Available Block Queue
.....................

:mps:tag:`impl.c.abq` The initial implementation will be a queue of fixed
size (determined at pool creation time from the high water mark). Must
support creation and destruction of an empty queue. Must support
insertion at the head or tail of the queue (failing if full), peeking
at the head of the queue, and removal of the head (failing if empty)
or any element of the queue (found by a search). Standard checking and
description should be provided. See design.mps.abq_.

.. _design.mps.abq: abq.txt


Pool implementation
...................

:mps:tag:`impl.c` The initial implementation will use the above modules to
implement a buffered pool. Must support creation and destruction of
the pool. Creation takes parameters: minimum size, mean size, maximum
size, reserve depth and fragmentation limit. Minimum, mean, and
maximum size are used to calculate the internal fill and reuse sizes.
Reserve depth and mean size are used to calculate the ABQ high water
mark. Fragmentation limit is used to set the contingency mode. Must
support buffer initialization, filling and emptying. Must support
freeing. Standard checking and description should be provided.
[Eventually, it should support scanning, so it can be used with
collected pools, but no manual pool currently does.]

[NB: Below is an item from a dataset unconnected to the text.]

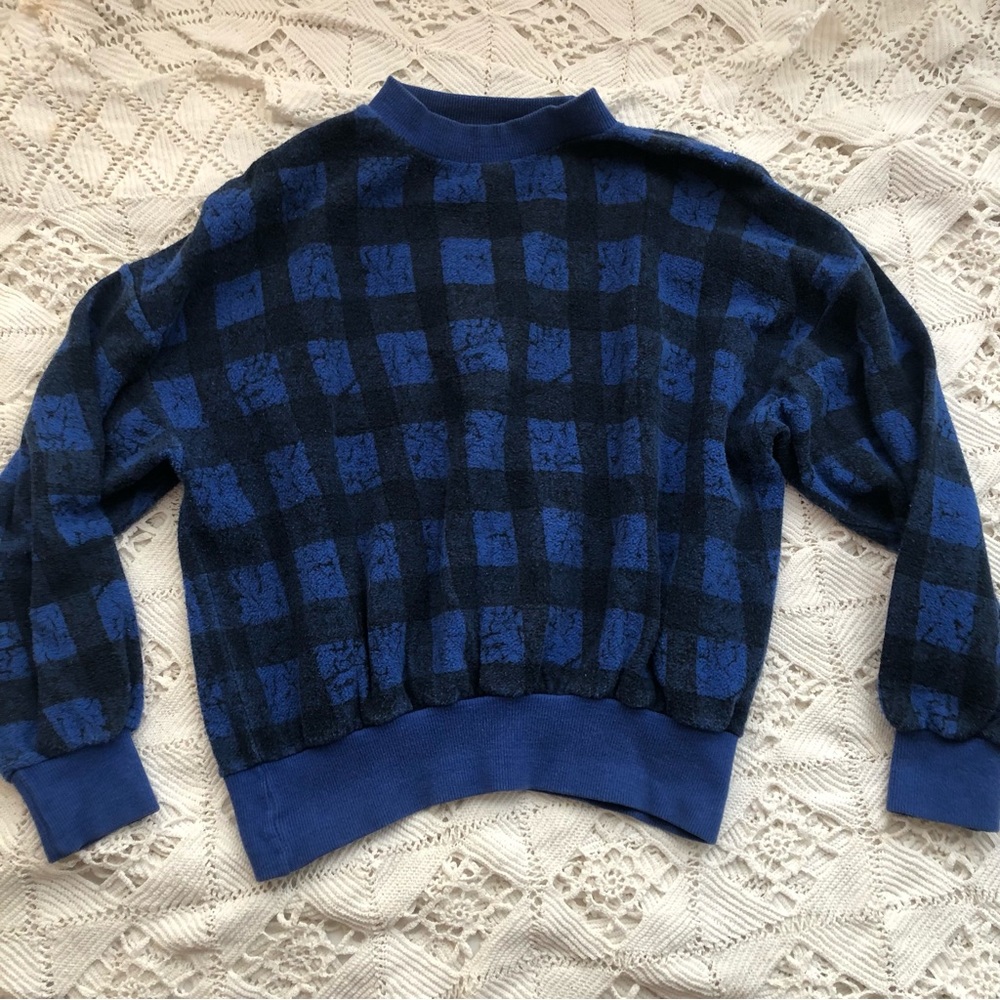 vintage 80s michel blue graphic crew neck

:mps:tag:`impl.c.future` The implementation should not preclude "buffered
free" (mail.ptw.1997-12-05.19-07(0), ff.) being added in the future.

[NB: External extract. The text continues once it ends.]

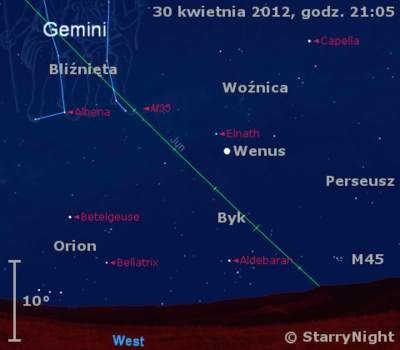 Położenie Wenus w pierwszym tygodniu maja 2012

:mps:tag:`impl.c.parameters` The pool parameters are calculated as follows
from the input parameters: minimum, mean, and maximum size are taked
directly from the parameters.

:mps:tag:`impl.c.parameter.fill-size` The fill size is set to the maximum
size times the reciprocal of the fragmentation limit, rounded up to
the arena grain size.

:mps:tag:`imple.c.parameter.reuse-size` The reuse size is set to twice the
fill size (see :mps:ref:`.arch.abq.return.segment`,
:mps:ref:`.impl.c.free.merge.segment`).

:mps:tag:`impl.c.parameter.abq-limit` The ABQ high-water limit is set to the
reserve depth times the mean size (that is, the queue should hold as
many reuse blocks as would take to cover the population hysteresis if
the population consisted solely of mean-sized blocks, see
:mps:ref:`.arch.abq.high-water`).

:mps:tag:`impl.c.parameter.avail-limit` The free block high-water limit is
implemented by comparing the available free space to an "available
limit". The available limit is updated each time a segment is
allocated from or returned to the arena by setting it to the total
size of the pool times the fragmentation limit divide vy 100 (see
:mps:ref:`.arch.contingency.fallback`).

:mps:tag:`impl.c.ap.fill` An AP fill request will be handled as follows:

- If the request is larger than fill size, attempt to request a
  segment from the arena sufficient to satisfy the request.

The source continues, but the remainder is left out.